Mais c’est chose plus grave encore lorsque la critique, appliquant à ces créatures légères, vaporeuses, ses procédés d’analyse impitoyable, s’efforce de démontrer qu’elles n’ont jamais vécu et qu’elles sont sorties tout d’une pièce du cerveau, de quelque artisan de la parole ou de la pensée. Pour qu’elles exercent tout leur charme, il est indispensable, en effet, qu’elles aient vécu. Avant que la légende les prenne, il faut qu’elles aient subi l’épreuve de la réalité et que, selon la belle expression des Anciens, elles se soient acquittées de la vie, defunctœ vita. Si les êtres de pure fiction, les créations de la fantaisie littéraire, intéressent parfois notre curiosité, elles n’ont droit ni à notre sympathie ni à notre pitié ; si elles parlent à notre imagination et séduisent notre esprit, elles ne touchent pas notre cœur. Mais les ombres qui réellement existèrent, ont un attrait de vérité et je ne sais quoi de touchant, de presque sacré que rien n’égale ni ne remplace.
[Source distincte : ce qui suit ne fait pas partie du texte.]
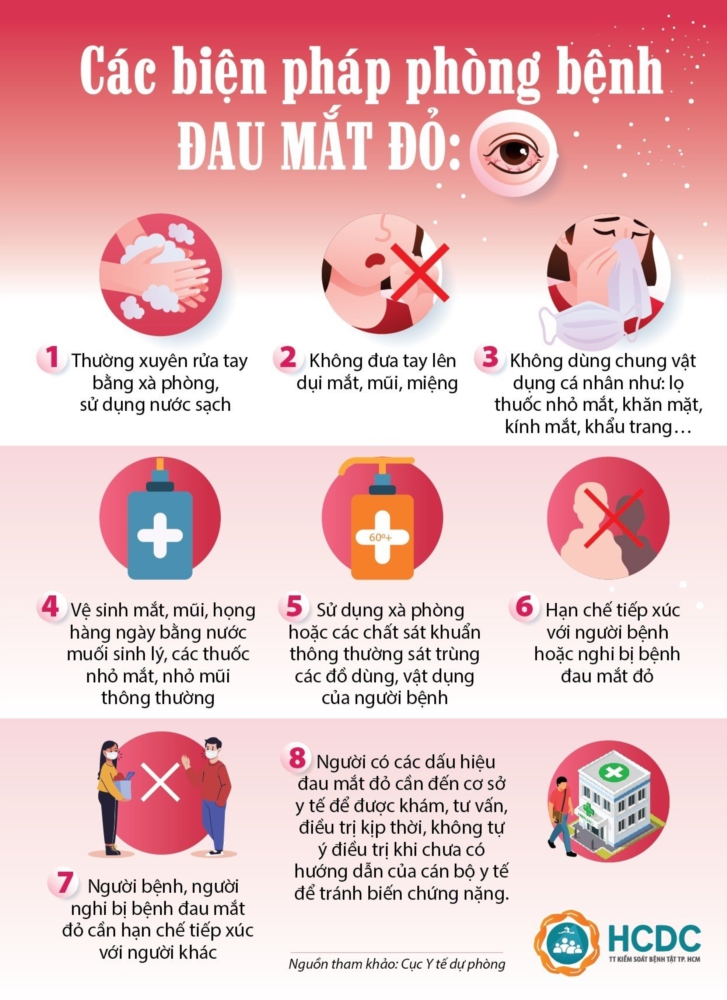 Mô tả SEO giàu ngữ nghĩa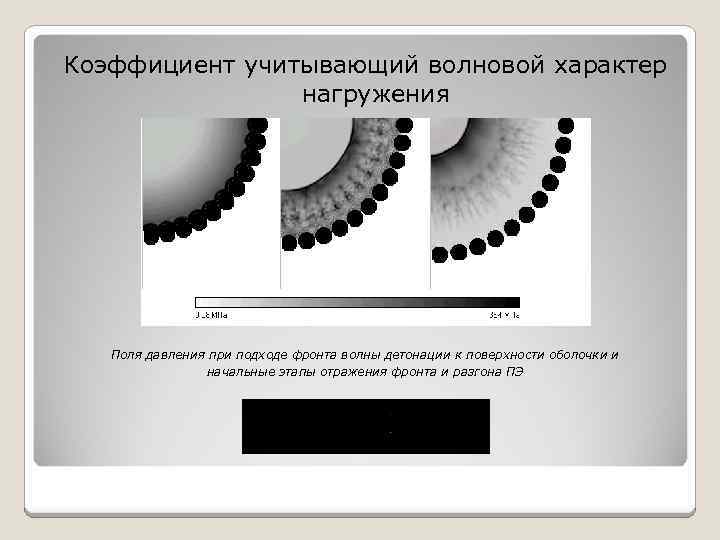 Коэффициент учитывающий волновой характер нагружения Поля давления при подходе фронта волны детонации к поверхности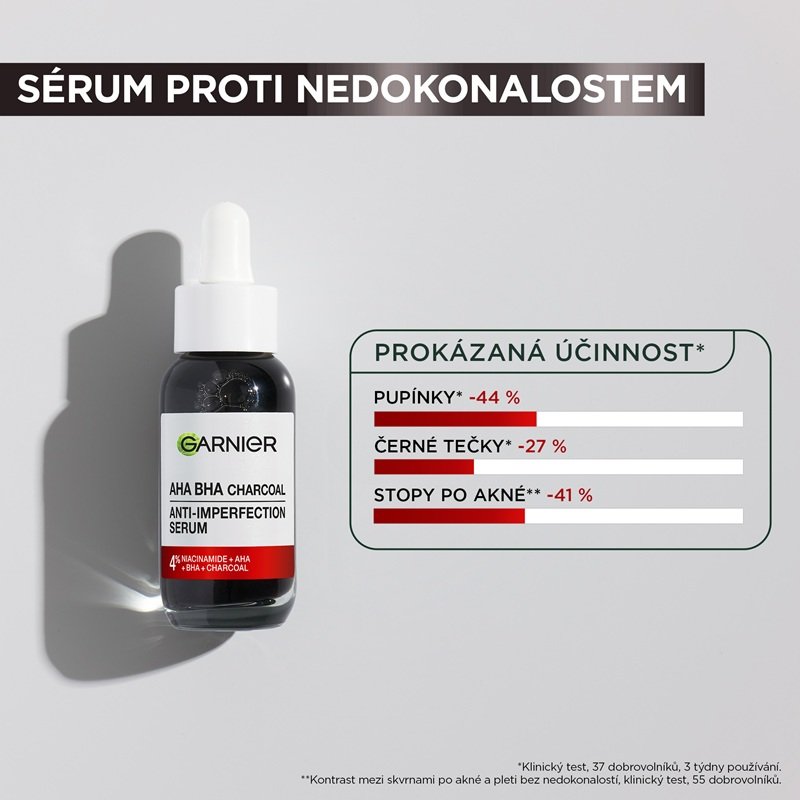 Pure Active Charcoal sérum - 7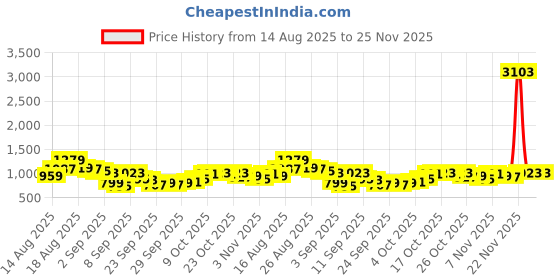 myntra.com HIGHLANDER Oversized Abstract Printed Spread Collar Shirt highlander Price History Graph from 14 Aug 2025 to 24 Nov 2025
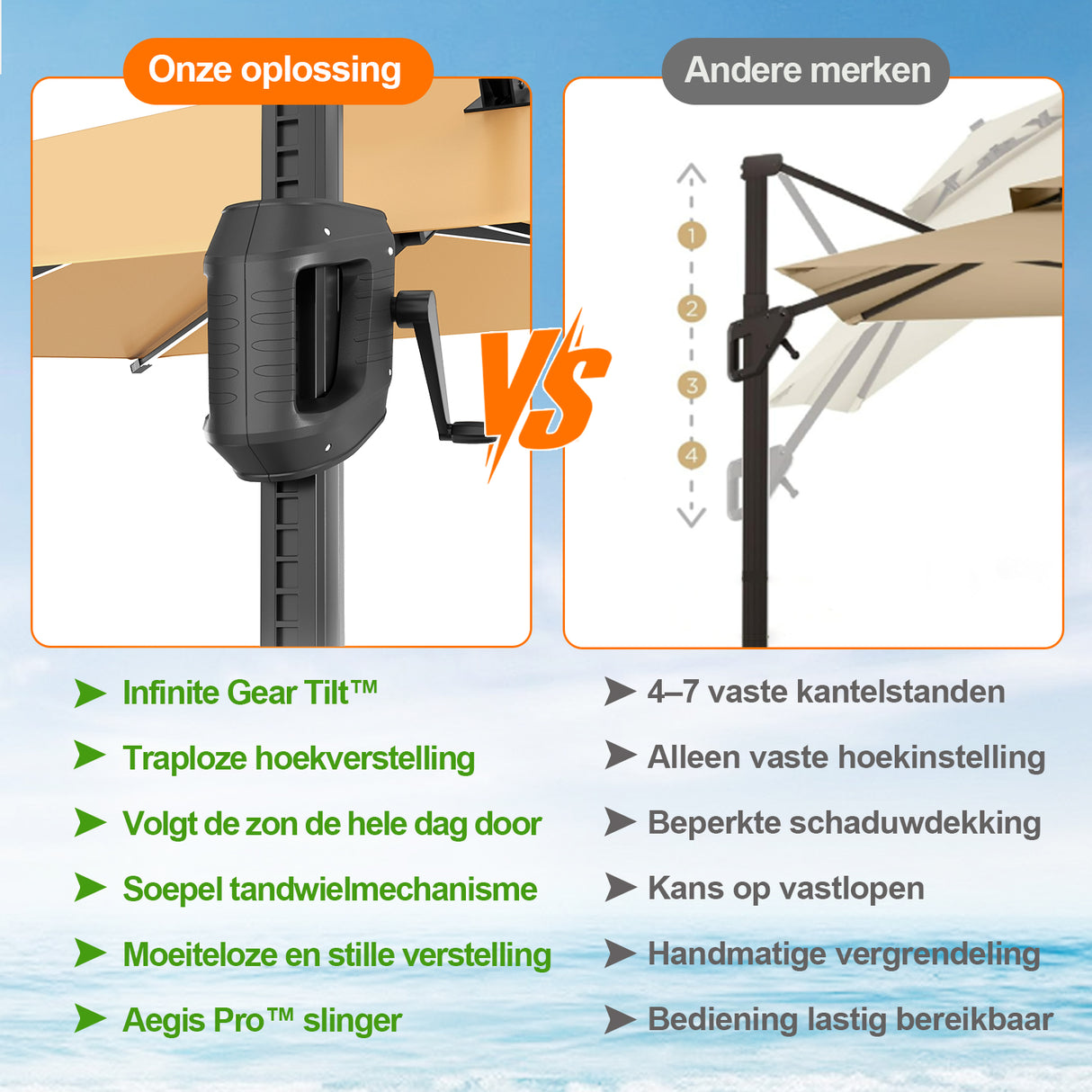 Patioslife Aegis Premium Zweefparasol – 360° Draaibaar met LED-Verlichting – Gepoedercoat Aluminium Frame – Glasvezel Baleinen – Tuin & Terras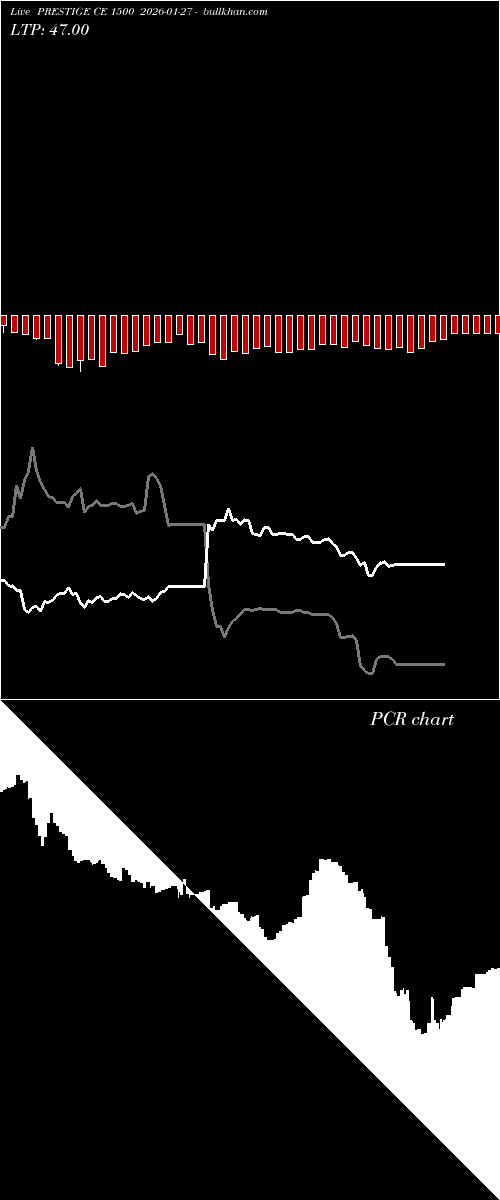  option chart PRESTIGE CE 1500 2026-01-27 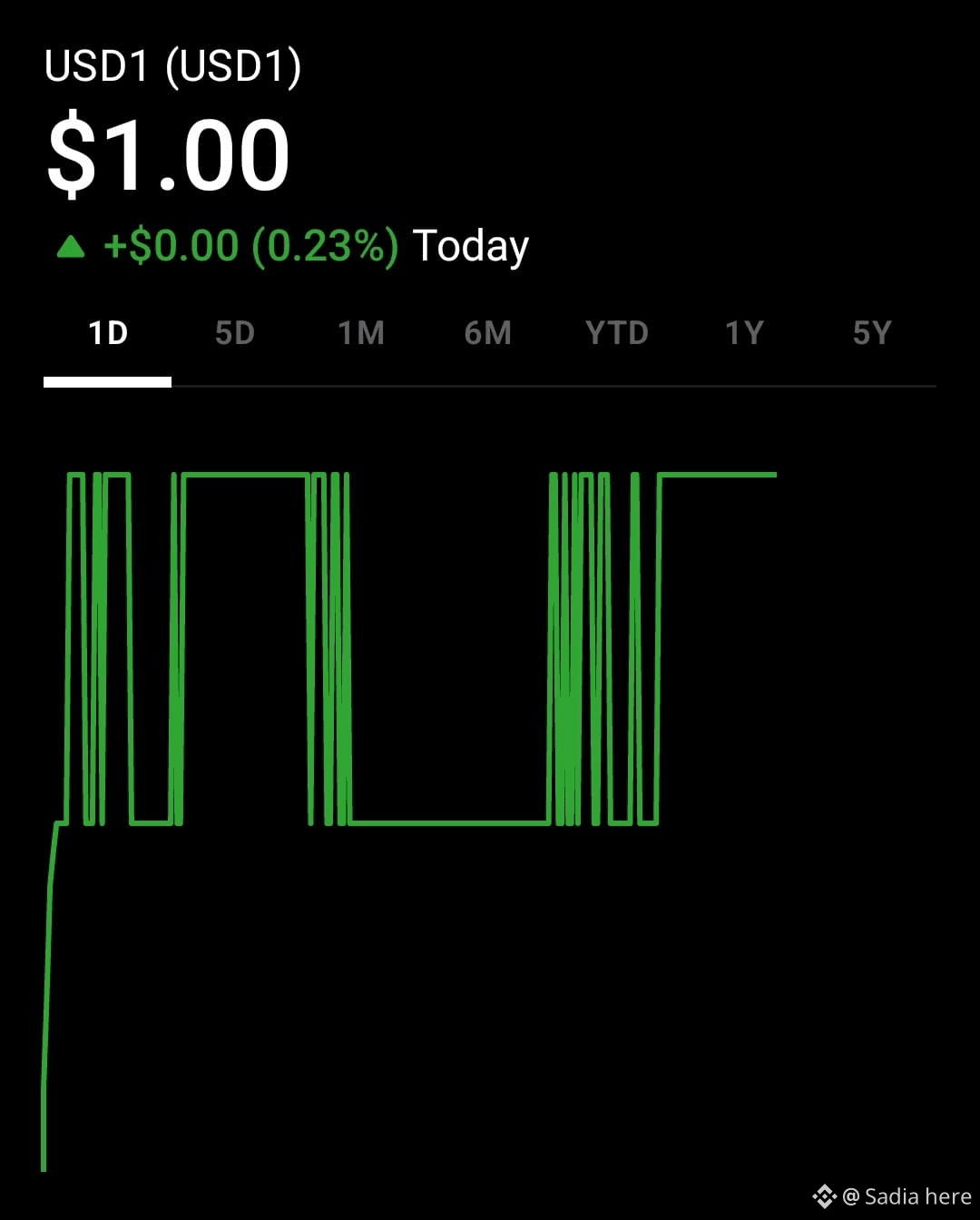 Latest #busd News, Opinions and Feed Today | Binance Square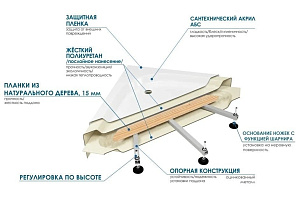 Душевая кабина Мономах МЗ 24 110x80 без крыши купить в интернет-магазине Sanbest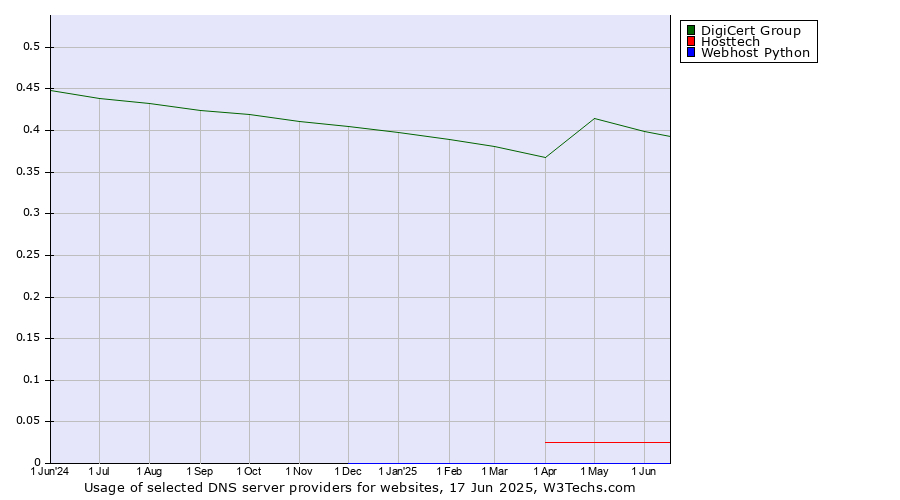 Historical trends in the usage of DigiCert Group vs. Hosttech vs. Webhost Python
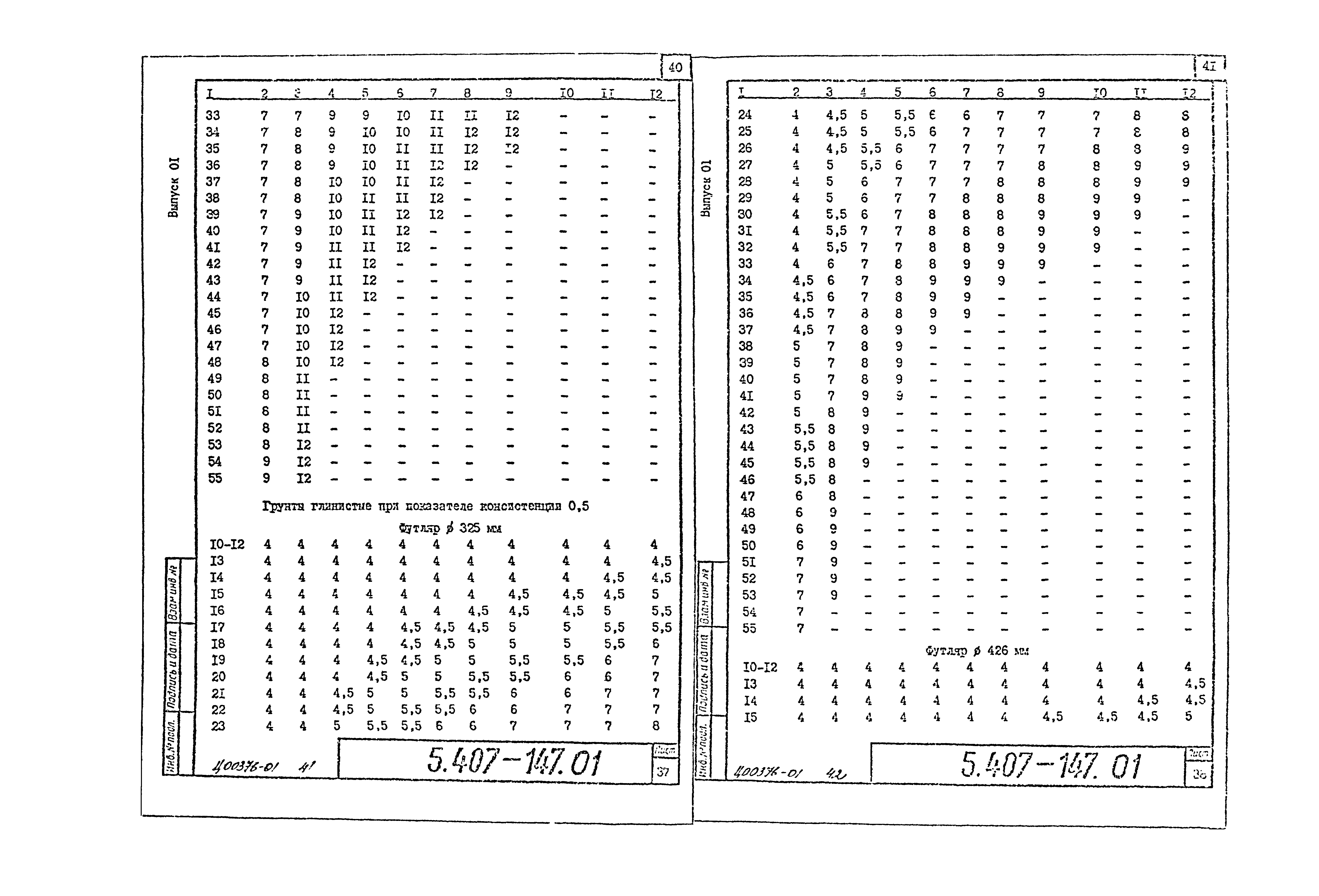 Серия 5.407-147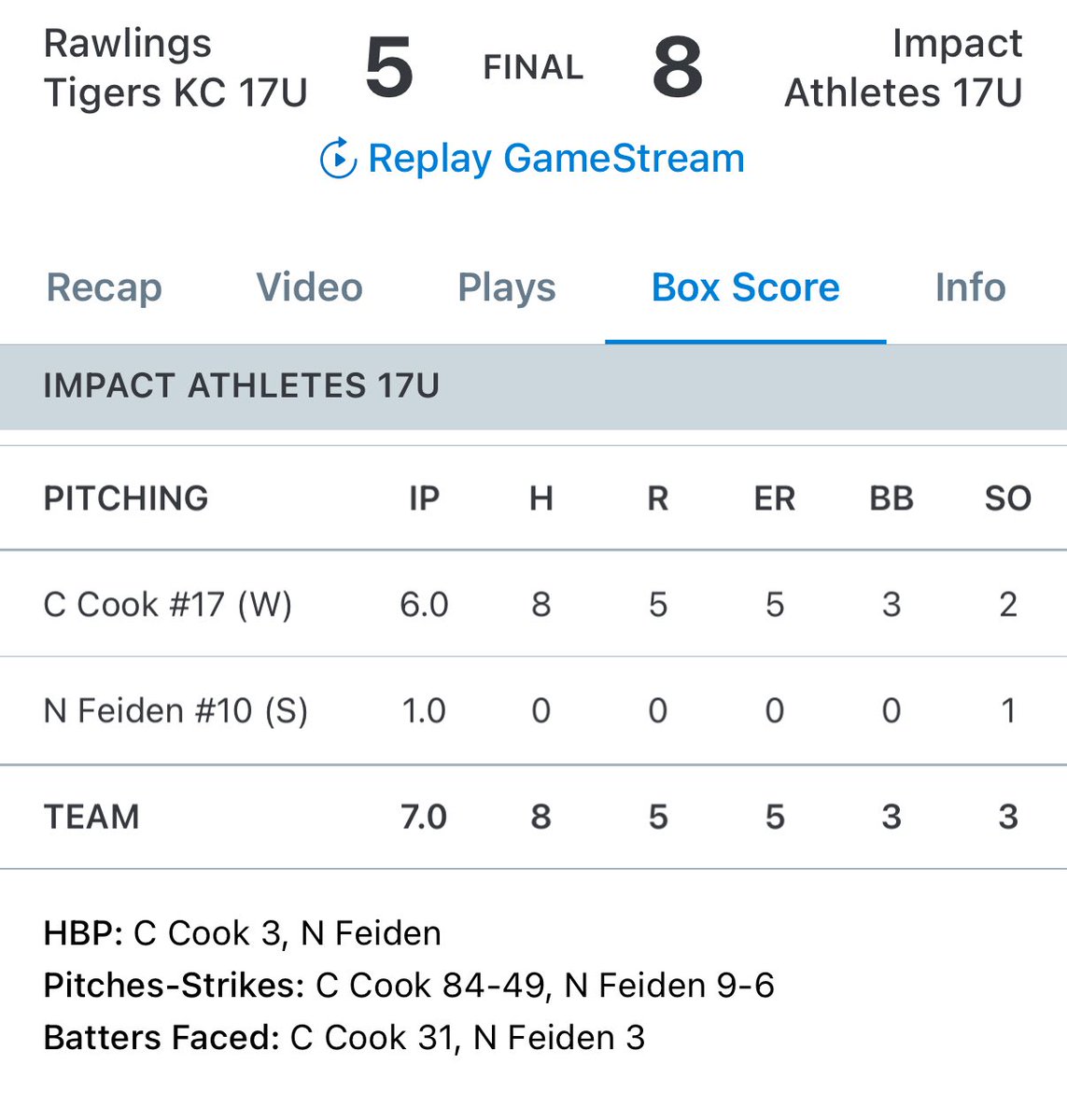 17U wins 8-5. Caleb Cook moves to 5-0 on the summer and Nathan Feiden gets the save. Noah Vance led the offense with two hits.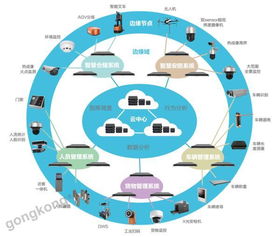 AI赋能智能制造 机器视觉加持，从此慧眼如炬——人工智能理论与算法软件开发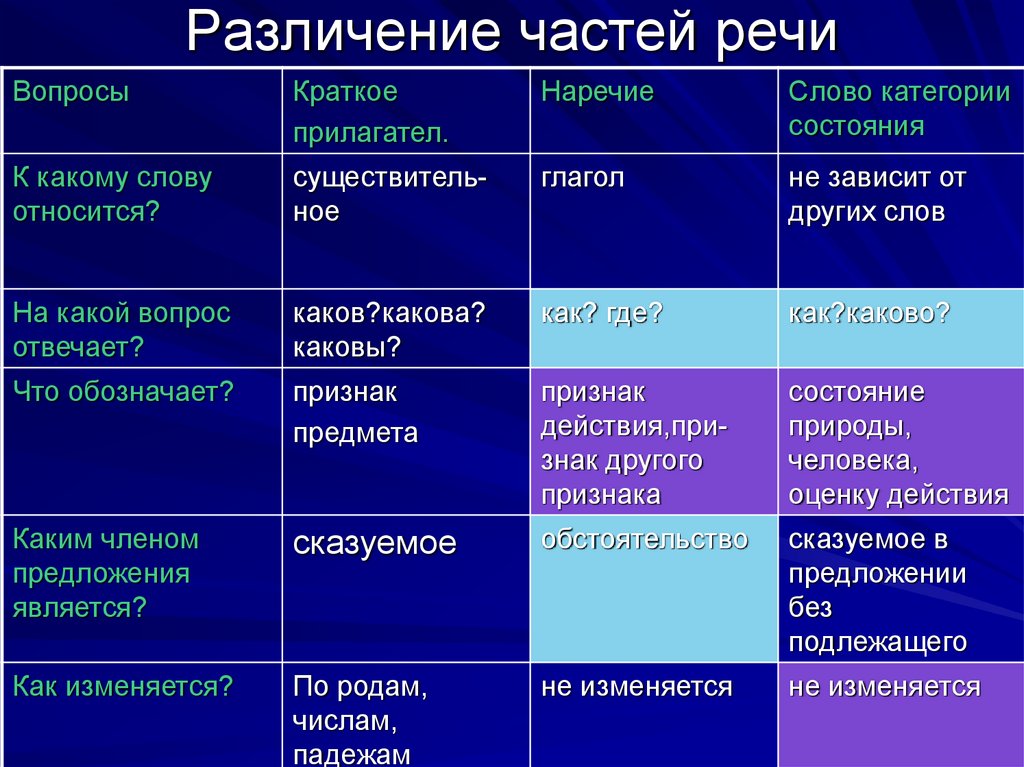 Различие частей речи таблица. Части речи кратко. Вопросы краткое прилагательное наречие слово категории состояния. Наречие что обозначает и на какие вопросы.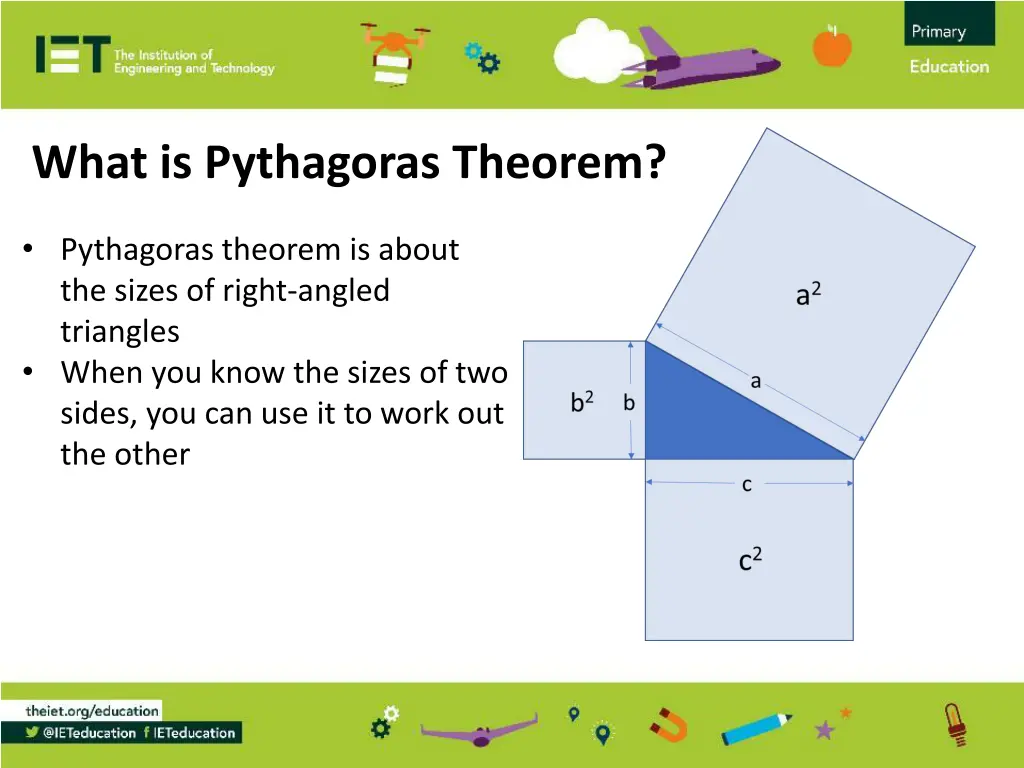 what is pythagoras theorem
Elles seules font entendre l’écho de leur âme à travers les générations ; elles seules passent à travers les âges, survivant longtemps à l’ordre de choses, dans lequel s’écoula leur vie mortelle, — se transformant peu à peu dans la mémoire des hommes et se prêtant ainsi à ce perpétuel besoin, qu’à l’esprit humain de refondre et de remodeler les figures dont il a composé sa légende morale. Et si, par surcroît, elles nous ont laissé quelque témoignage écrit de leur âme, alors vraiment on peut dire d’elles :


Spiral adhuc amor
Vivuntque commissi calores
Æoliæ fidibus puellæ.


Dans le cortège de ces figures un peu vagues qui survivent du passé, il n’en était guère de plus touchantes que cette religieuse portugaise, dont les lettres ont immortalisé le grand amour. Quelques cris de passion épars dans un fragment de correspondance avaient suffi à lui conquérir la sympathie des cœurs sensibles : on s’était pris de pitié pour une âme jeune et aimante qui avait tant souffert, et une grâce singulière, attendrie, un peu mystérieuse, s’était attachée à cette vision d’autrefois.

Mais voici qu’aujourd’hui la critique, lui contestant d’avoir jamais vécu et ne voulant plus voir en elle qu’une héroïne de roman, l’expose à perdre le plus pur de son charme et tous ses titres à notre compassion.